I would now like to run a single session on a cluster across multiple private machines (not public cloud). I tried following the documentation here and the example cluster config here, but it doesn’t work and I’m struggling to understand how it should.
I tried taking and adjusting the example config, saving it to
config.yaml, and then running on the machine that’s supposed to be my cluster head:
ray up cluster.yaml
This initially failed saying that some fields were unexpected and didn’t match the JSON schema (e.g.,
After commenting these lines in the config and running the command again, it now errors with:
2021-02-01 16:09:45,451 INFO command_runner.py:542 -- NodeUpdater: ray01.css.upb.de: Running ssh -tt -i ~/.ssh/id_rsa -o StrictHostKeyChecking=no -o UserKnownHostsFile=/dev/null -o IdentitiesOnly=yes -o ExitOnForwardFailure=yes -o ServerAliveInterval=5 -o ServerAliveCountMax=3 -o ControlMaster=auto -o ControlPath=/tmp/ray_ssh_2e970e822e/070dd72385/%C -o ControlPersist=10s -o ConnectTimeout=120s firstname.lastname@example.org bash --login -c -i 'true && source ~/.bashrc && export OMP_NUM_THREADS=1 PYTHONWARNINGS=ignore && (ray stop)' Command 'ray' not found, did you mean: command 'raw' from deb util-linux (2.34-0.1ubuntu9.1) command 'rar' from deb rar (2:5.5.0-1build1) command 'say' from deb gnustep-gui-runtime (0.27.0-5build2) command 'ra6' from deb ipv6toolkit (2.0-1) command 'ra' from deb argus-client (1:220.127.116.11-5ubuntu1) Try: sudo apt install <deb name> Shared connection to 127.0.1.1 closed.

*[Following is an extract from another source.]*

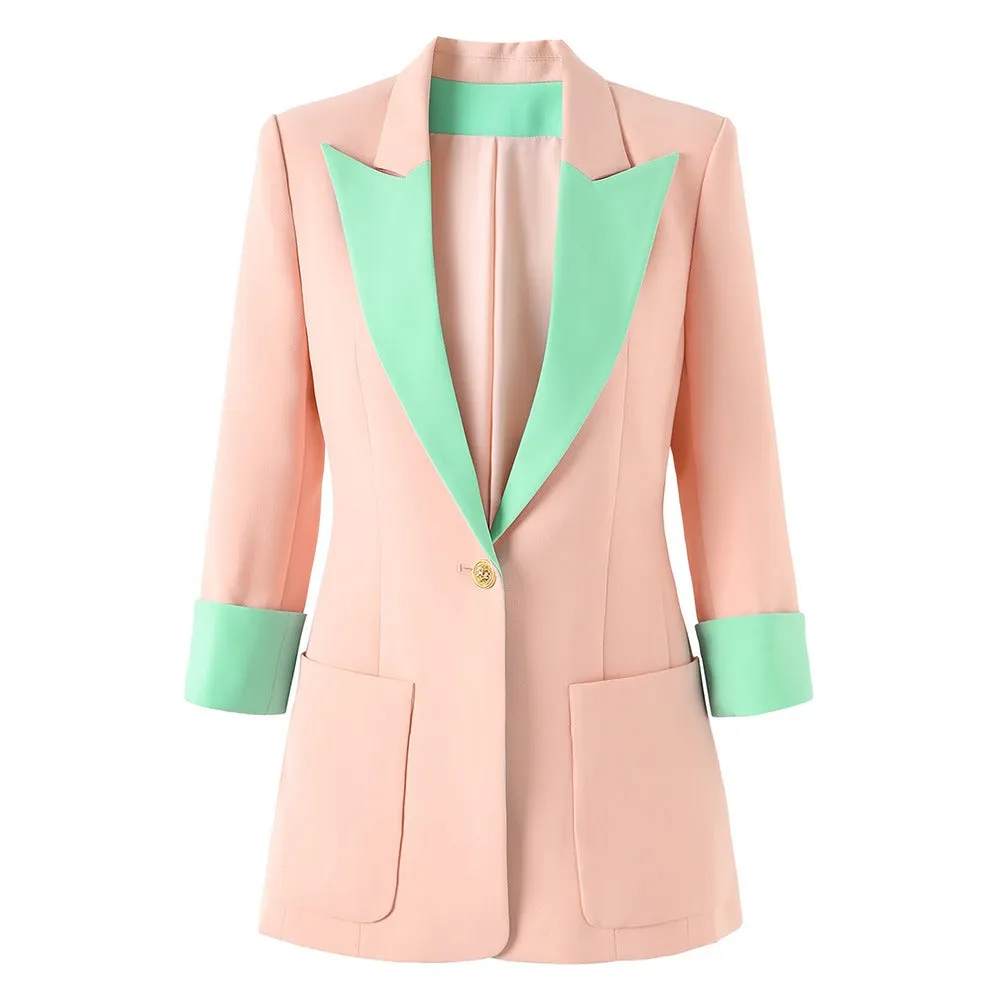 Pre Order:  Color Block Single Breasted Splicing Blazer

How is this supposed to work? I have
ray installed locally in a virtualenv both on my head node machine (which I called ray01) and on the other machine (ray03). Why does it say,
ray is not installed?
I commented the
docker field in
cluster.yaml since I don’t have
docker installed yet and don’t necessarily want to. Do I have to?
As I understand it, the
ray up cluster.yaml command would just start the cluster, but not run anything on it yet, right? How would I then run my custom environment? Could I just attach to the cluster and run the command that I typically run locally, eg,
myenv --arg1 1 --arg2 2, and it would run it across both machines in the cluster?
Is there any example for running RLlib in a (private) cluster?